Plaintiff’s wife bringing suit to get total disability for her veteran husband. Plaintiffs lose in trial court after the court accepts Defendant’s motion for a directed verdict, which Plaintiff challenges.
A directed verdict does not violate the Seventh Amendment.
Plaintiff Galloway served in the military from 1917-1922 and claimed to have psychological problems from his time serving in France in 1918. Years later he applied for total disability but was denied. Plaintiff’s wife brought suit. At the close of evidence during trial, the district court granted Defendant United States’ motion for a directed verdict. The court of appeals affirmed and the United States Supreme Court granted certiorari.
Does a directed verdict violate the Seventh Amendment?
No, a directed verdict does not violate the Seventh Amendment. The holding below is affirmed.
Justice Justice Black with Justices Douglas and Murphy dissenting
A motion for a directed verdict should only be granted when there is no evidence of a genuine dispute of material fact. It is not the role of the court to make determinations based on credibility of witnesses as the court did here. That is for the jury to decide. There is substantial evidence that Plaintiff may actually suffer from a total and permanent mental disability and he should be allowed to present other evidence relating to his mental status at a new trial.

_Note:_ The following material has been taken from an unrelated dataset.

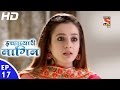 Icchapyaari naagin     episode 17  19th october 2016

1. History does not support requiring all causes of action to be heard by a jury.
2. The Seventh Amendment is intended to protect a jury trial’s most fundamental elements, not to allow parties to proceed to trial.
3. Plaintiff Galloway has not met his burden of proving that he continues to experience his disability.
4. The evidence Plaintiff Galloway presented does not show that his mental disability is total and permanent.
5. The trial court was correct in granting Defendant’s motion for a directed verdict.
6. The holding below is affirmed.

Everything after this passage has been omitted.